Fascinating Archaeological Matter Reminds Us That Archaeology Used To Matter More
A few weeks ago, the archaeological community was all abuzz at the news of an exceedingly ancient find from the Holy Land: a scrap of papyrus dating back to the seventh century BCE that referred both to a woman and to Jerusalem. Doubts about its authenticity thickened the air — the rarified air, that is, of those who follow the latest goings-on within the field. The rest of us didn’t seem to pay it much mind.
Back in the late 19th century, an archaeological discovery like this one was likely to have generated intense interest among the general public — the stuff of newspaper headlines and the subject of avid dinner table conversation. At that time, the nascent enterprise of archaeology was synonymous with adventure, a byword for revelation. That it was also an exercise in colonialism, one in which Great Britain, Germany and France vied with one another to obtain the latest archaeological treasures for their respective national museums, added to its allure.
Then again, a lot more than geopolitics was at stake. For people of faith, the spade could either confirm or undermine their beliefs. Archaeology might shine what one clergyman called a “tremendously comforting light on the biblical record,” or spotlight its limitations.
Little wonder that expectations ran high in the summer of 1883, when Moses Wilhelm Shapira of Jerusalem, by way of Kamenets-Podolsk, an antiquities dealer whose emporium was hailed by “Baedeker’s Guide to Palestine and Syria” as the “best shop” in town for materials pertaining to the Holy Land, arrived in London. He brought with him a series of leather strips whose ancient script contained what appeared to be the oldest version of Deuteronomy, including the text of the Ten Commandments. As experts from the British Museum gathered together to examine Shapira’s treasures, they found it hard to contain themselves. One of them noted that the room was filled with “excitement as is very seldom exhibited among scholars.”

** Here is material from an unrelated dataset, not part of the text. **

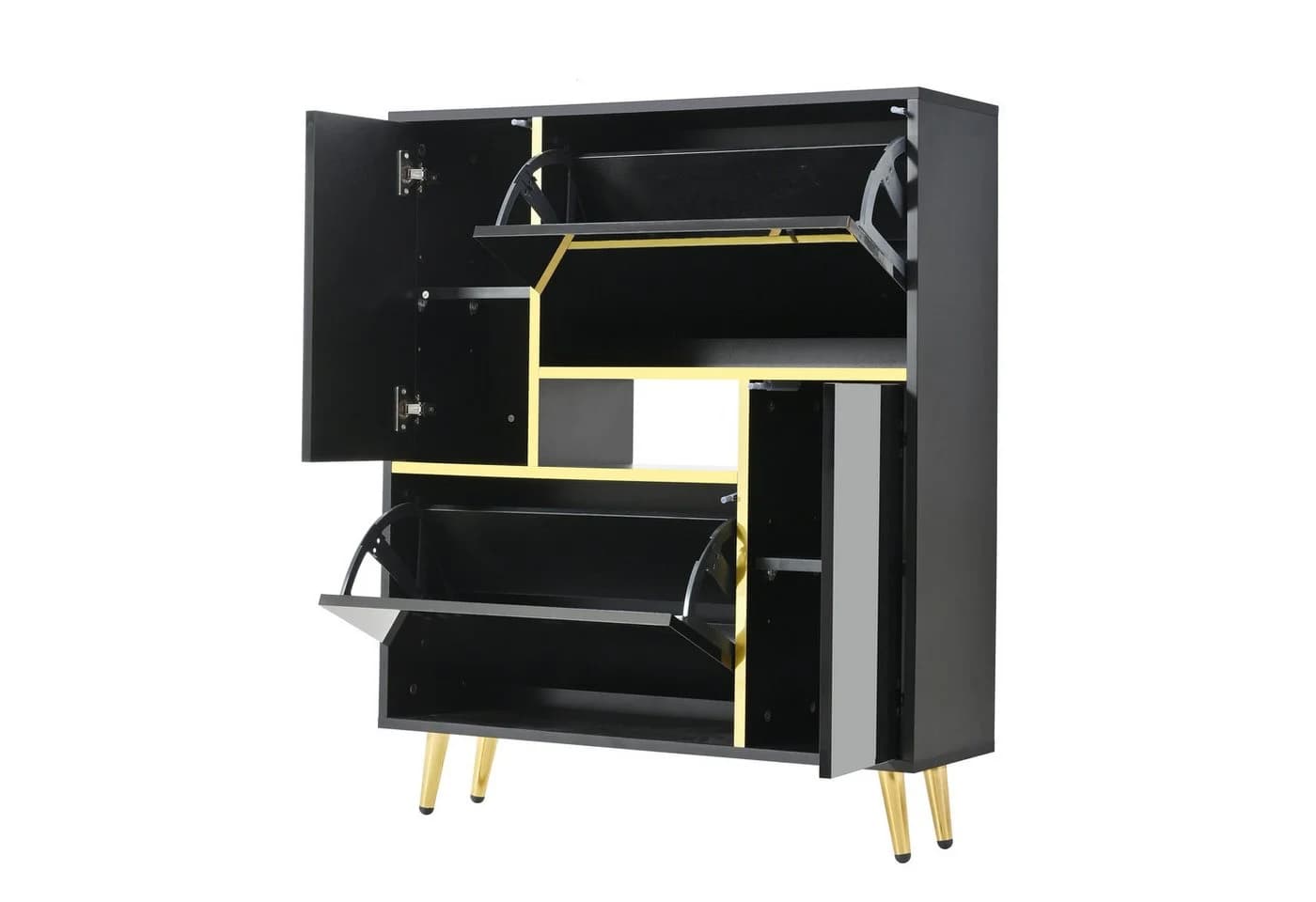 Merax Schuhschrank mit LED-Beleuchtung und Hochglanzfront - Bild 5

They weren’t the only ones. Fueled by the attentiveness displayed by the popular press, the general public was all agog at the prospect of an exceedingly ancient version of the Bible, perhaps even a “contemporary copy” dating to the time of Moses. That its account of the Ten Commandments differed, or, in the parlance of the time, “deviated” from the version followed by modern-day Jews and Christians, held out the possibility that from here on out, believers might have to “reconsider their ways,” or so related one God-fearing Englishman worried lest Shapira’s finds upset his faith.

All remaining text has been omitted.